Home >Technology peripherals >AI >This year's English College Entrance Examination, CMU used reconstruction pre-training to achieve a high score of 134, significantly surpassing GPT3
The way we store data is changing, from biological neural networks to artificial neural networks. In fact, the most common situation is to use the brain to store data. As the amount of data available today continues to grow, people seek to store data using different external devices such as hard drives or cloud storage. With the rise of deep learning technology, another promising storage technology has emerged, which uses artificial neural networks to store information in data.

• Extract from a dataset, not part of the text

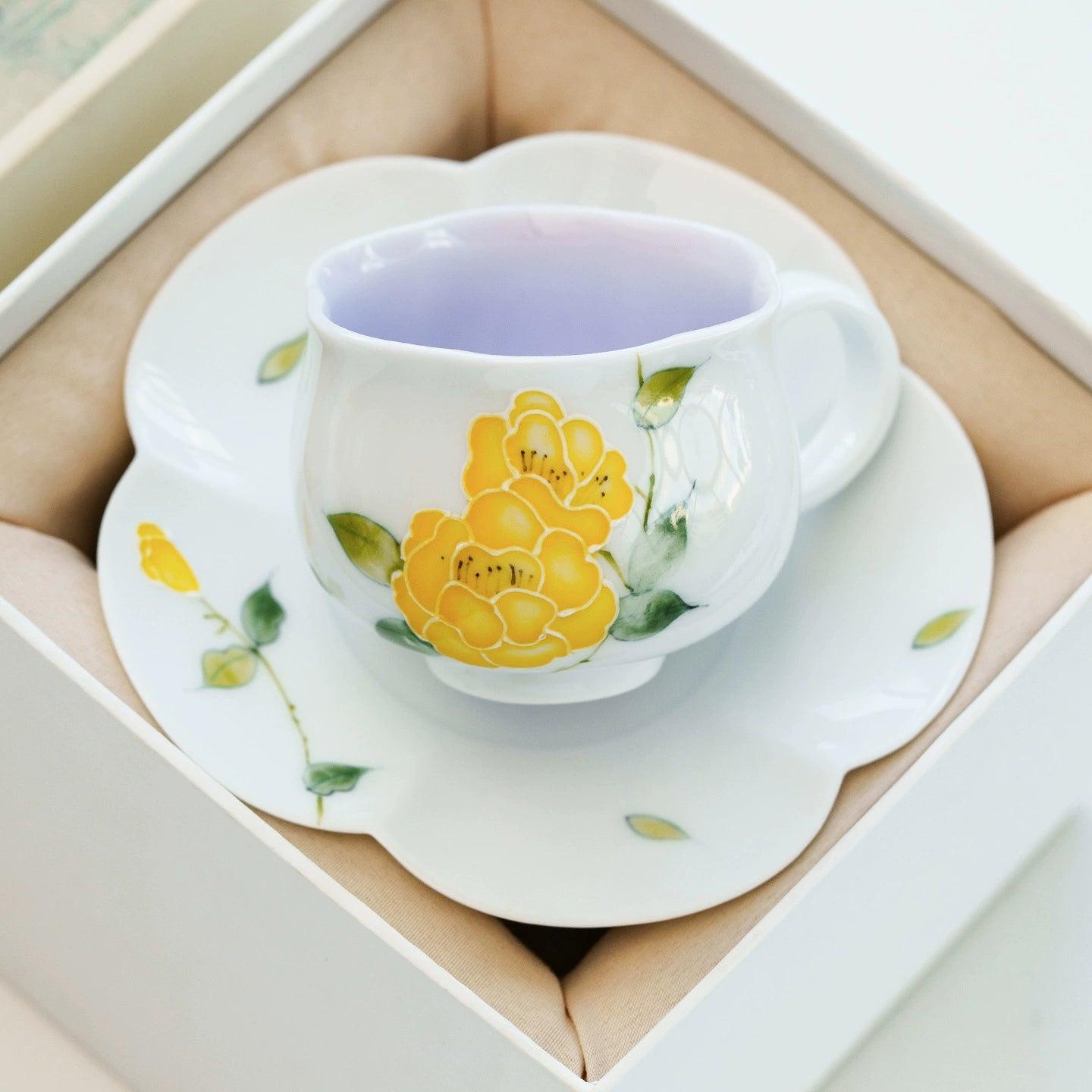 Fine china teacup featuring hand-painted yellow blossoms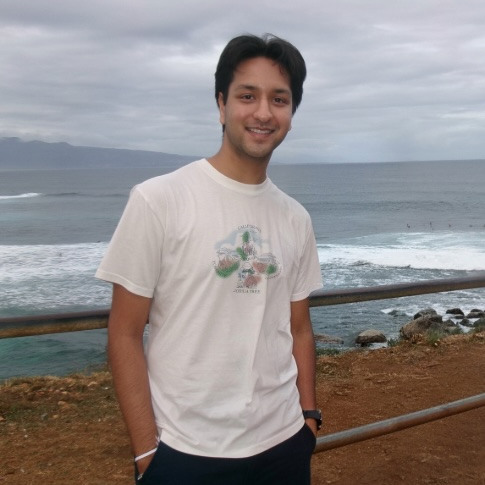 Student posing in front of the ocean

Researchers believe that the ultimate goal of data storage is to better serve human life, and the access method of data is equally important as the storage method. However, there are differences in how the data is stored and accessed. Historically, people have struggled to bridge this gap in order to make better use of the information that exists in the world. As shown in Figure 3:
Researchers from CMU have proposed a new way to access data containing various types of information that can serve as pre-training signals to guide model parameter optimization. The study presents data in a structured manner in units of signals. This is similar to the scenario of using a database to store data: they are first structured into tables or JSON format, so that the exact information required can be retrieved through a specialized language such as SQL.
In addition, this study believes that valuable signals exist abundantly in all kinds of data in the world, rather than simply existing in manually managed supervised data sets. What researchers need to do is (a) identify the data (b) Reorganize the data with a unified language (c) Integrate and store them into a pre-trained language model. The study calls this learning paradigm reStructured Pre-training (RST). Researchers liken the process to a "treasure hunt in a mine." Different data sources such as Wikipedia are equivalent to mines rich in gems. They contain rich information, such as named entities from hyperlinks, that can provide signals for model pre-training. A good pretrained model (PLM) should clearly understand the composition of various signals in the data in order to provide accurate information based on the different needs of downstream tasks.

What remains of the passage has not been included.